> _Your objective_
Write down exactly what lies from the line containing "个人开发测试环境用2核2G的服务器够吗?" to the end of the records, inclusive, and omit the pictures.

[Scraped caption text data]

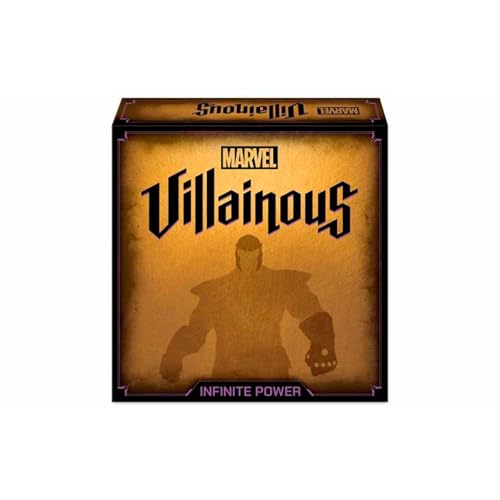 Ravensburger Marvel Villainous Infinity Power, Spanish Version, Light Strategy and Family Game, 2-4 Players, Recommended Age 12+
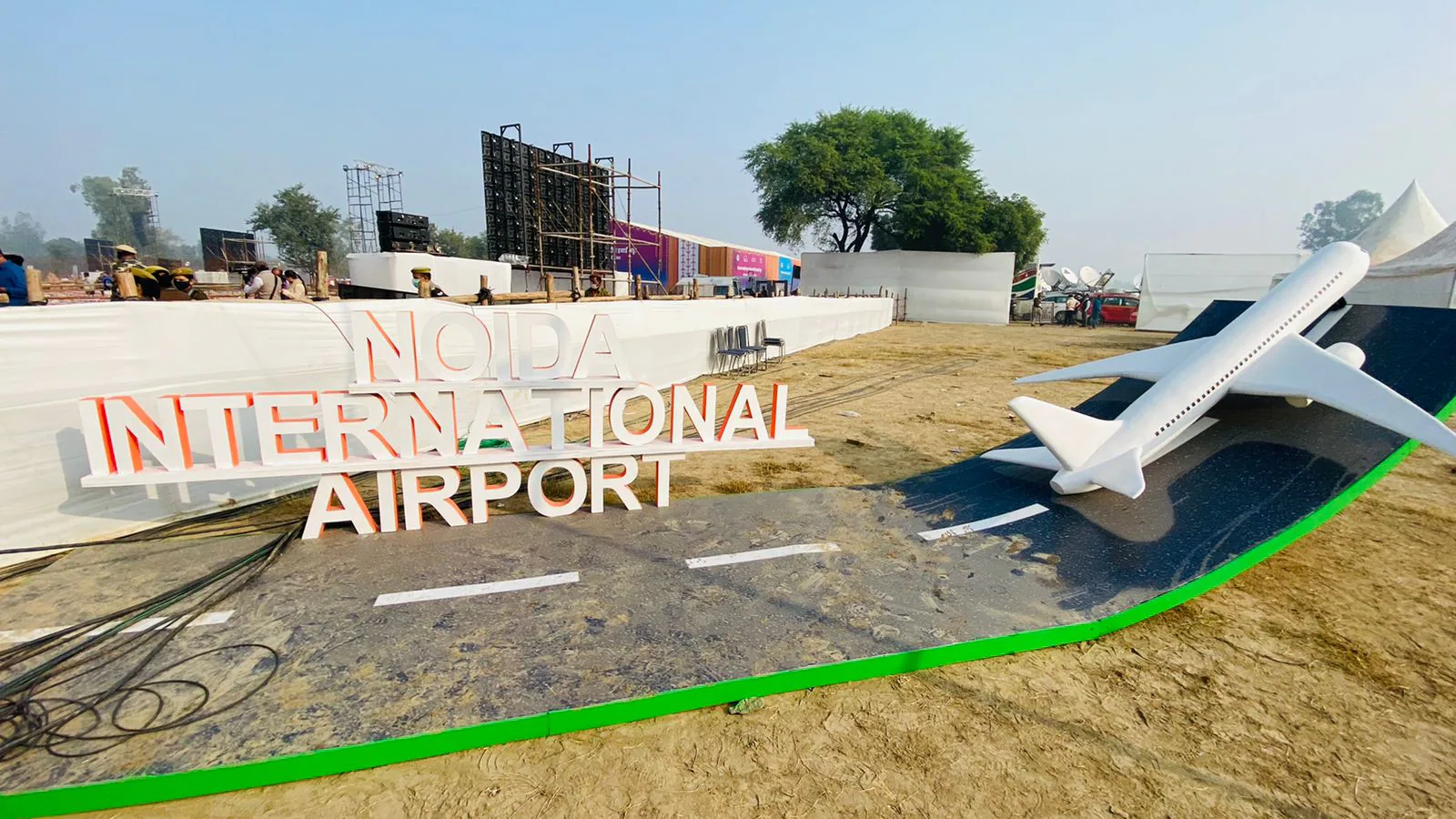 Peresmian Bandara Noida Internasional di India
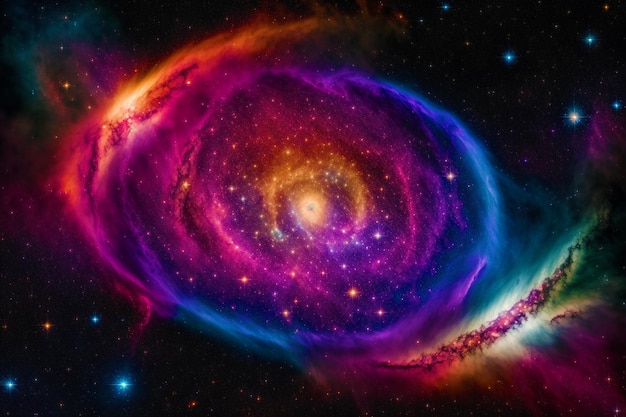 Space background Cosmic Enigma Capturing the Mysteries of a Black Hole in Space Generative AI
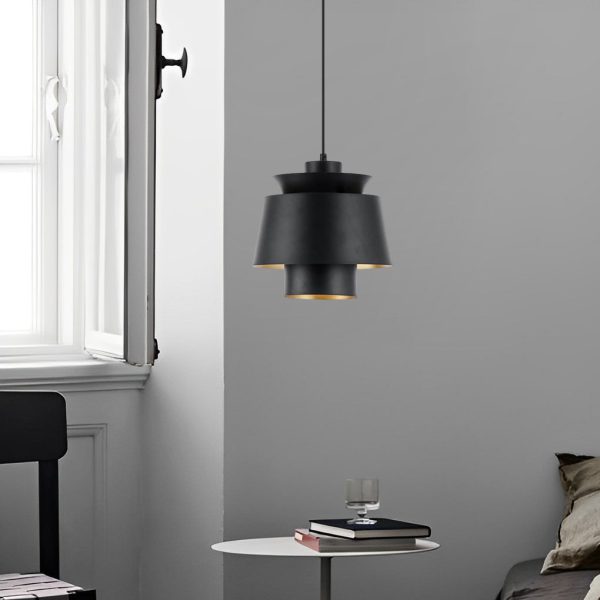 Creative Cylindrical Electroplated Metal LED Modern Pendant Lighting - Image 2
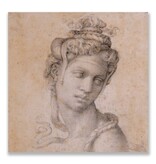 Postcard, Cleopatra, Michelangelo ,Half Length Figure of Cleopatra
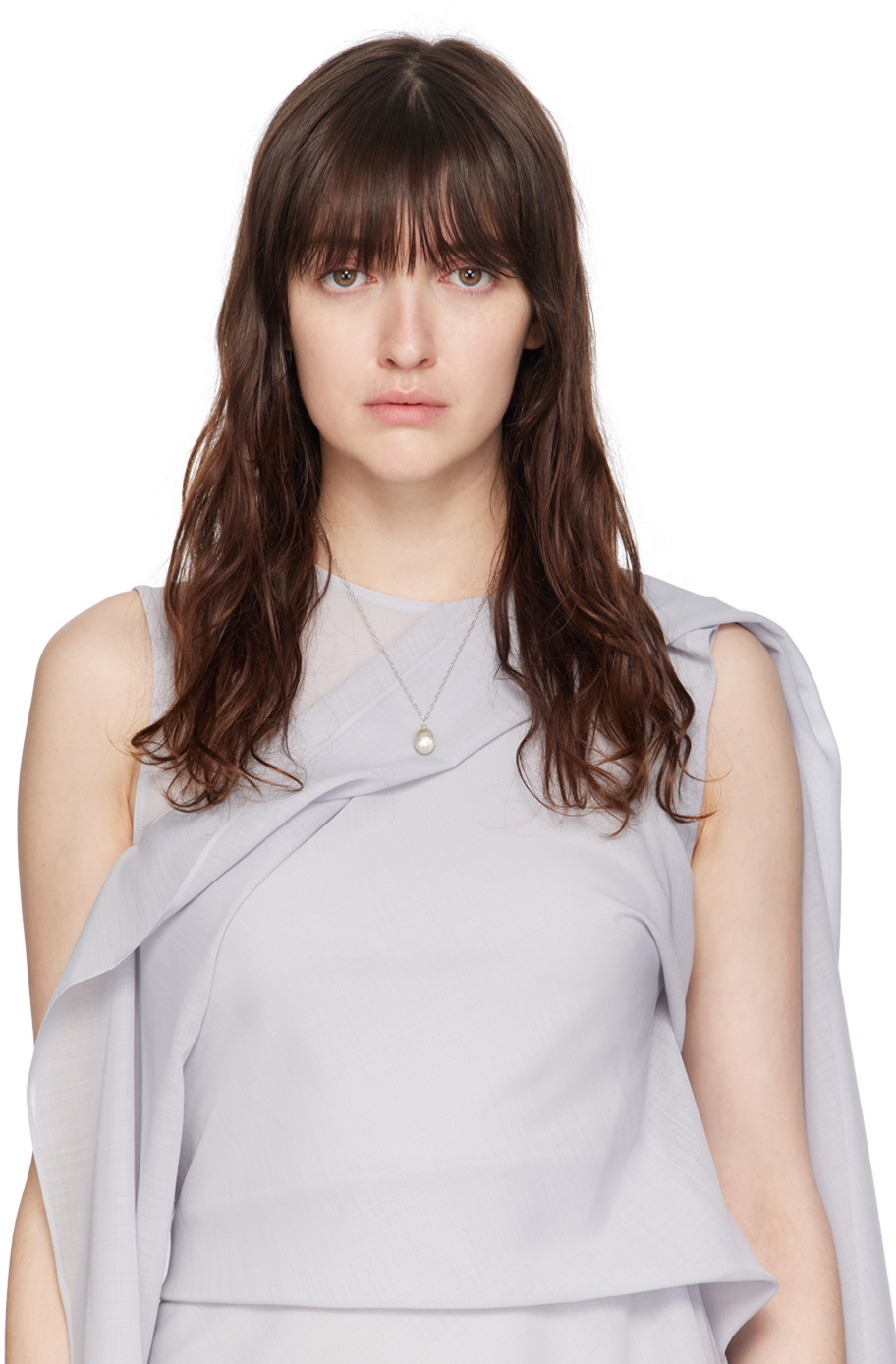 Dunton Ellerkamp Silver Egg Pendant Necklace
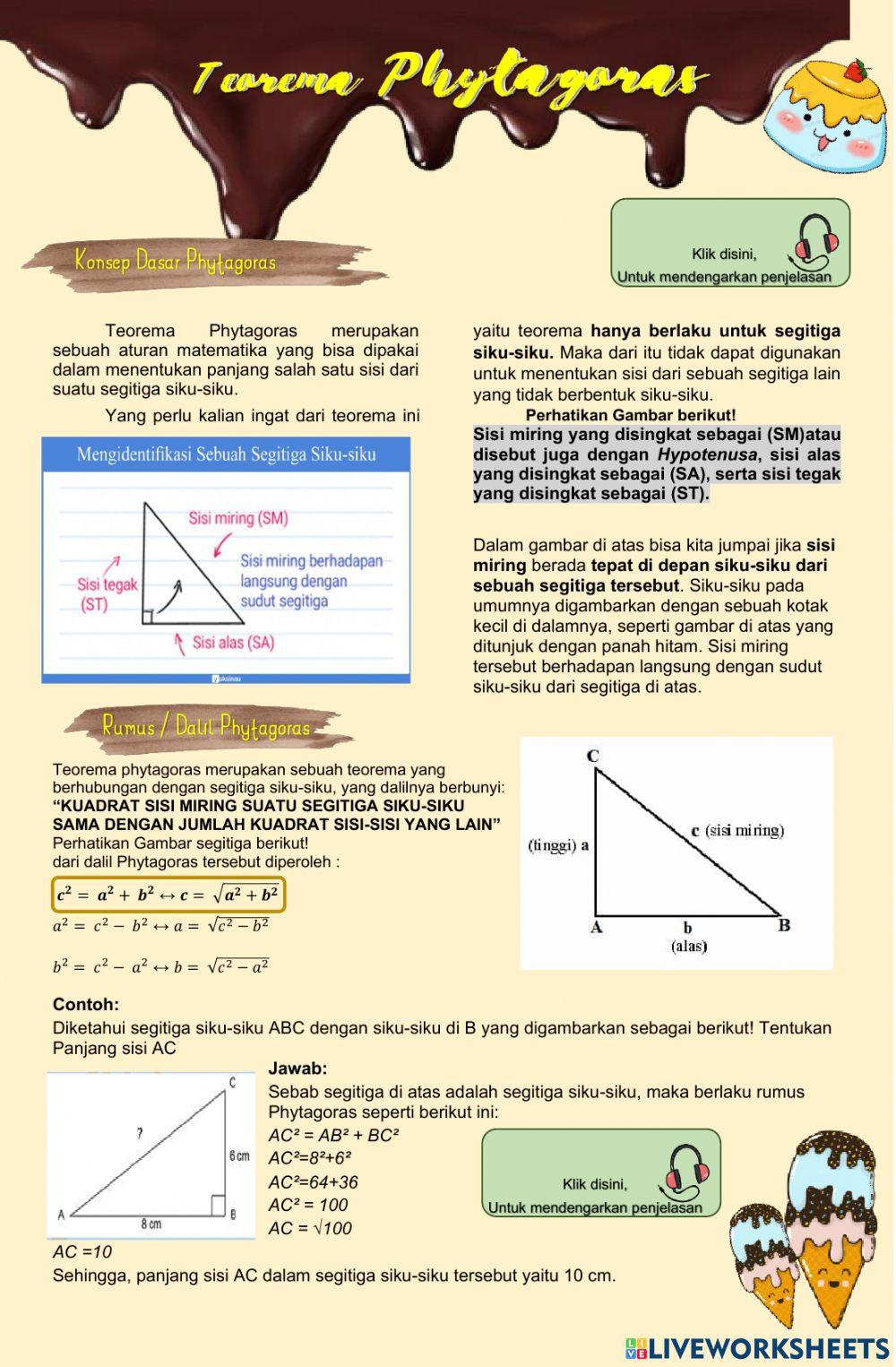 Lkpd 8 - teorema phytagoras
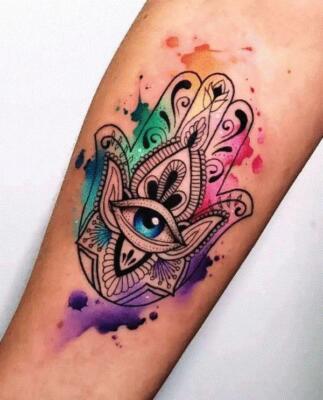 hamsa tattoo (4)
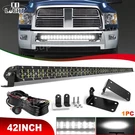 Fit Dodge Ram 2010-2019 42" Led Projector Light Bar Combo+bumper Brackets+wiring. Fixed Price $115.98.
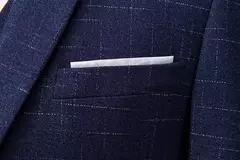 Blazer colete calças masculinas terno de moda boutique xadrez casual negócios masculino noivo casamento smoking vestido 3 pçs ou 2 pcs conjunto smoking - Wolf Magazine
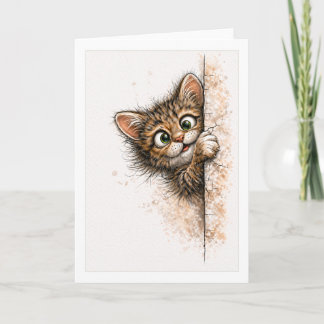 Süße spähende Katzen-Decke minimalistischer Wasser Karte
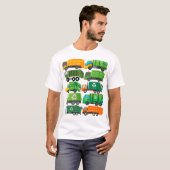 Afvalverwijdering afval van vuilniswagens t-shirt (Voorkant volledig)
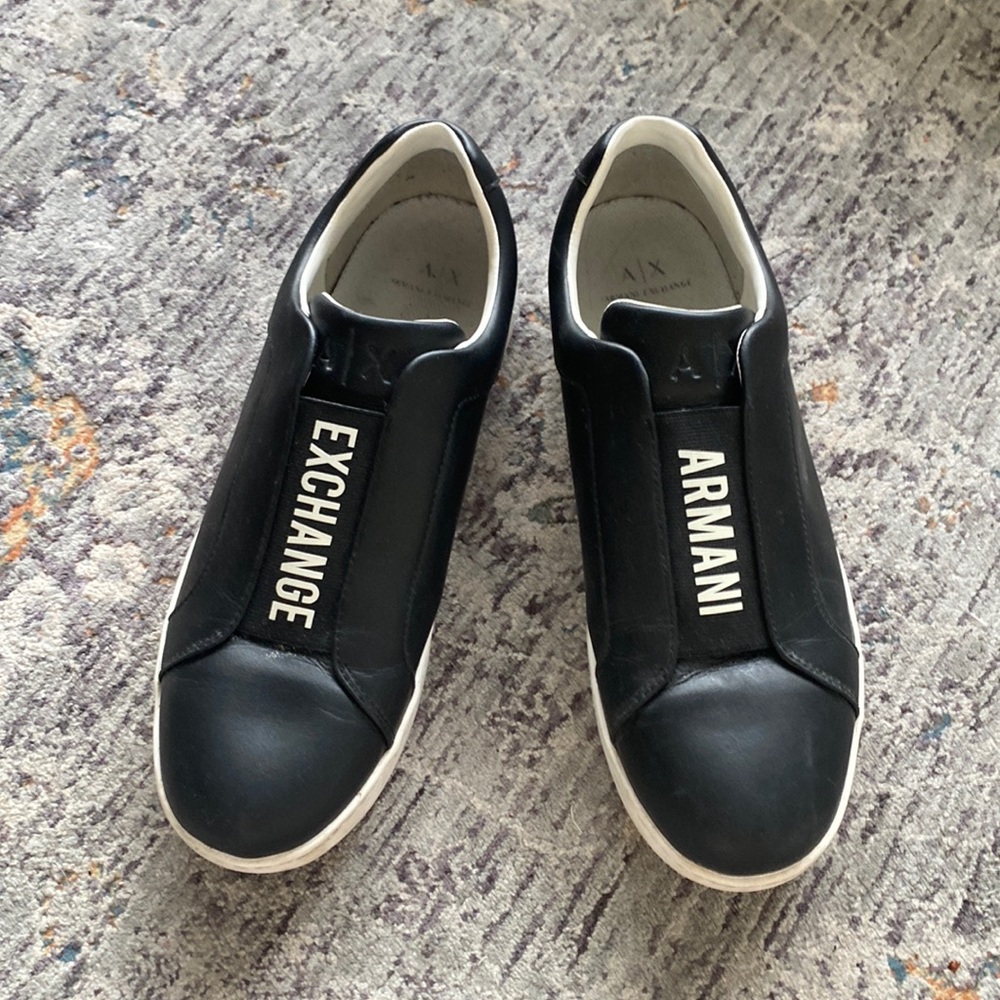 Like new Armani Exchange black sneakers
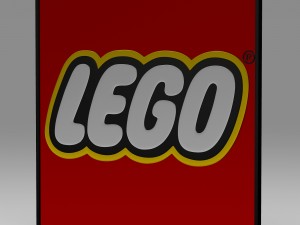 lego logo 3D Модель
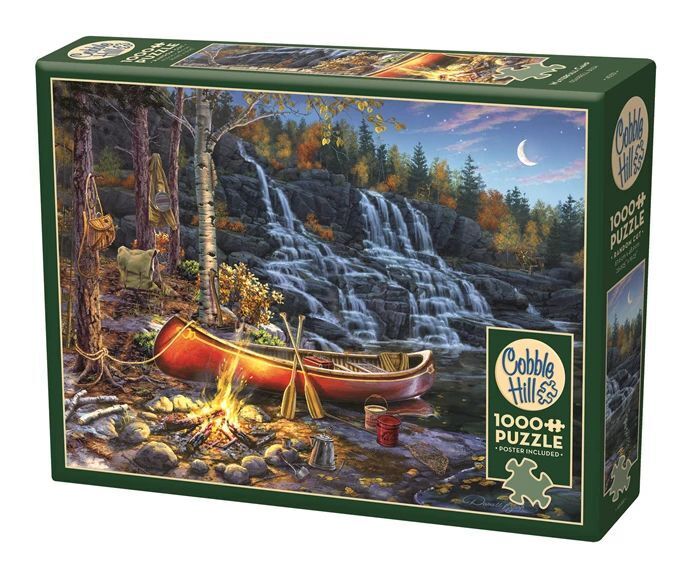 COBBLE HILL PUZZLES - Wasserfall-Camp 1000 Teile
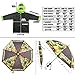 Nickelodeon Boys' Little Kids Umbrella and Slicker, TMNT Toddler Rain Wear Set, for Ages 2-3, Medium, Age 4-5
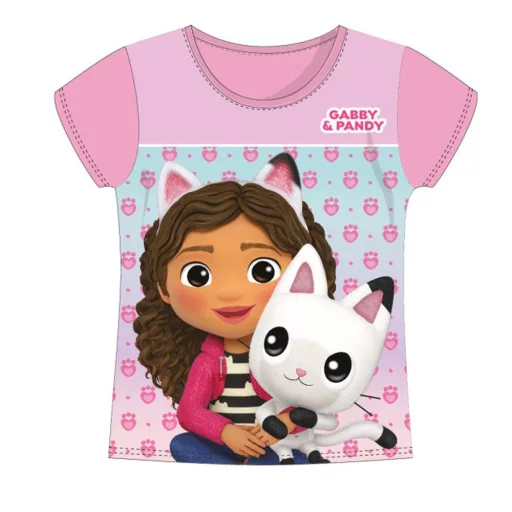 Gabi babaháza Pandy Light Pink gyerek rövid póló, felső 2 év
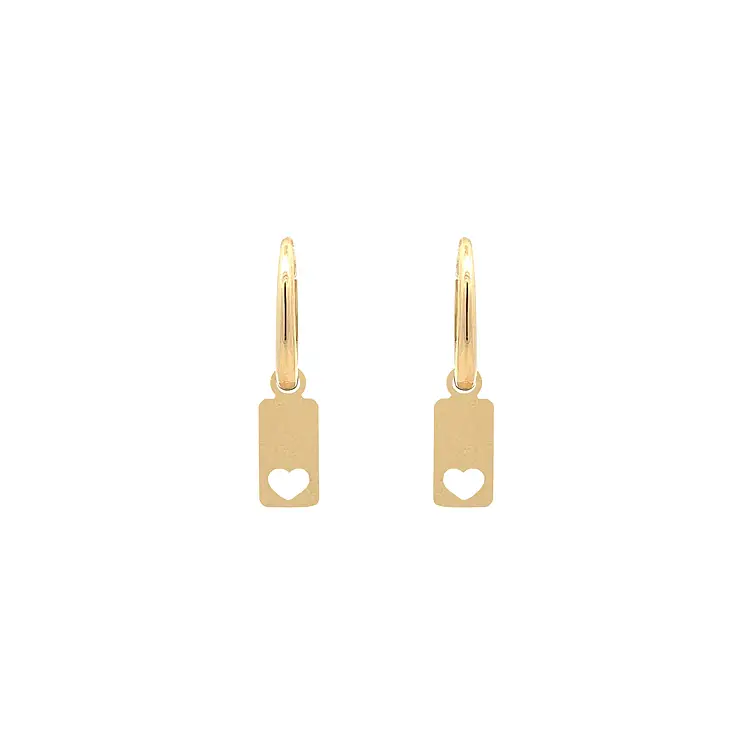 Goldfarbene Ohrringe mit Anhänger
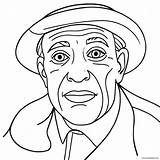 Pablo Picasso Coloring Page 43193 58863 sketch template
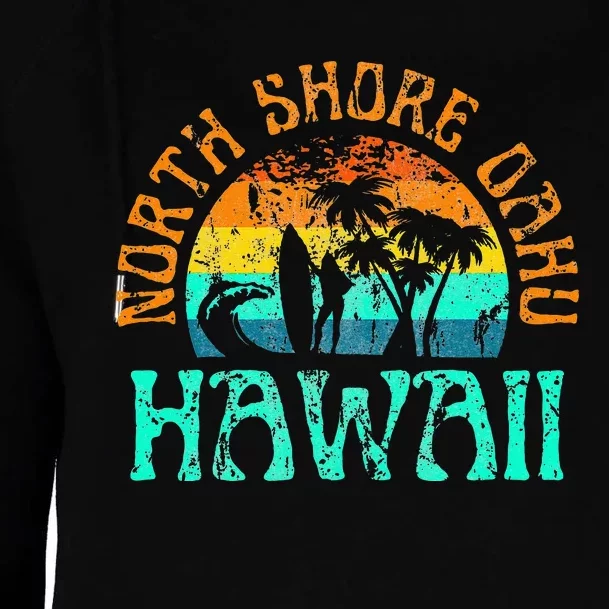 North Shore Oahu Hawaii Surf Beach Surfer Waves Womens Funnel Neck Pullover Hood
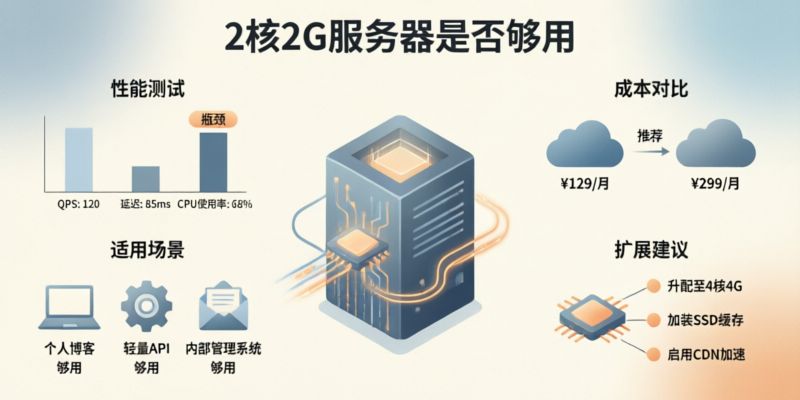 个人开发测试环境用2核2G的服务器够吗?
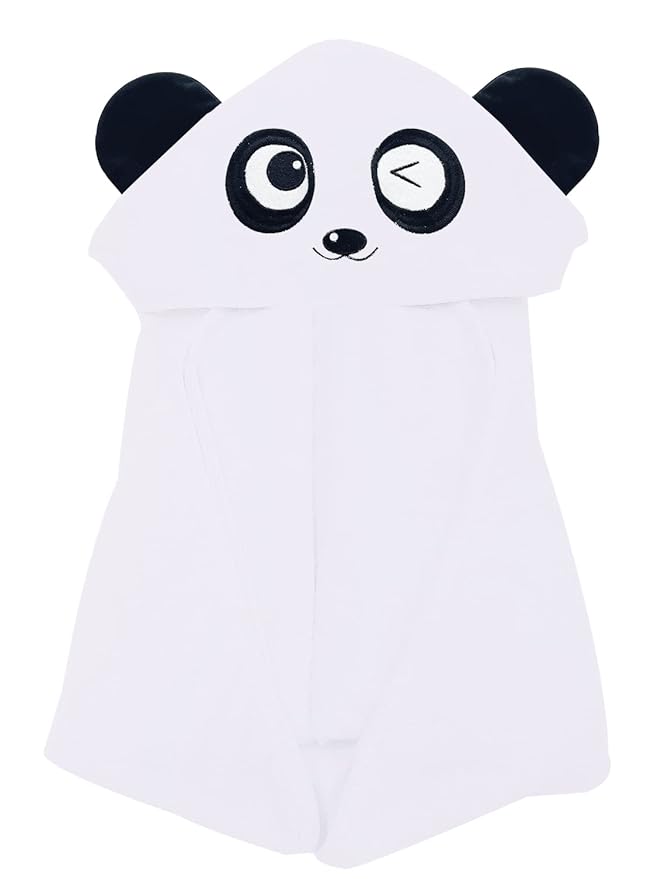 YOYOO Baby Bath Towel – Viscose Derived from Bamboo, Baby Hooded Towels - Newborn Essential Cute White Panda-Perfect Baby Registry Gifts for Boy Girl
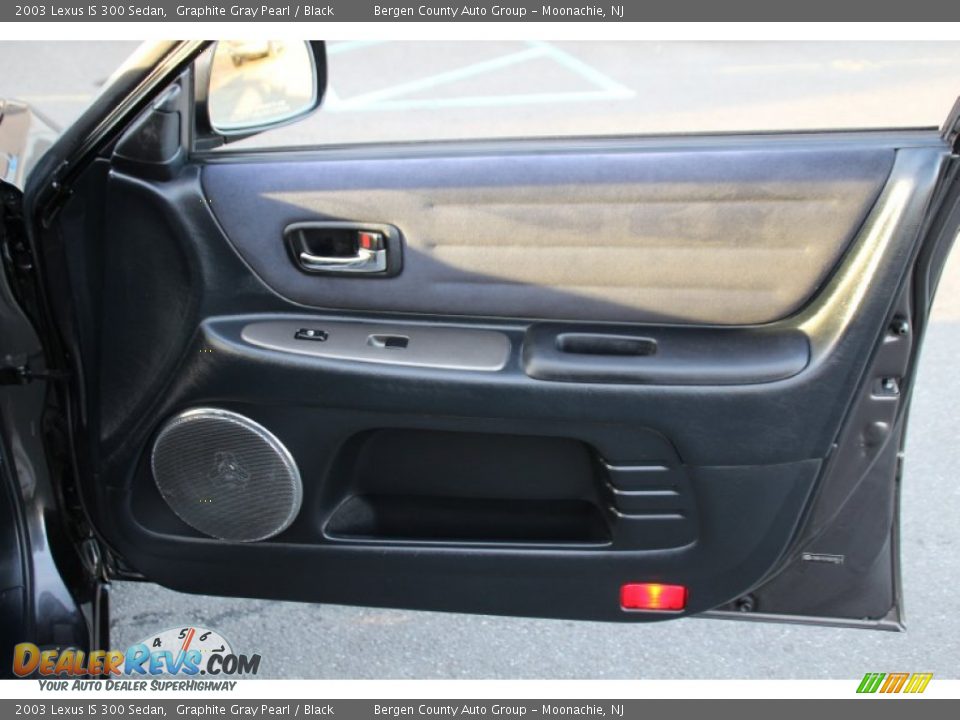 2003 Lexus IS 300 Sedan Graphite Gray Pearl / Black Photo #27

> _Response below_
 个人开发测试环境用2核2G的服务器够吗?
 YOYOO Baby Bath Towel – Viscose Derived from Bamboo, Baby Hooded Towels - Newborn Essential Cute White Panda-Perfect Baby Registry Gifts for Boy Girl
 2003 Lexus IS 300 Sedan Graphite Gray Pearl / Black Photo #27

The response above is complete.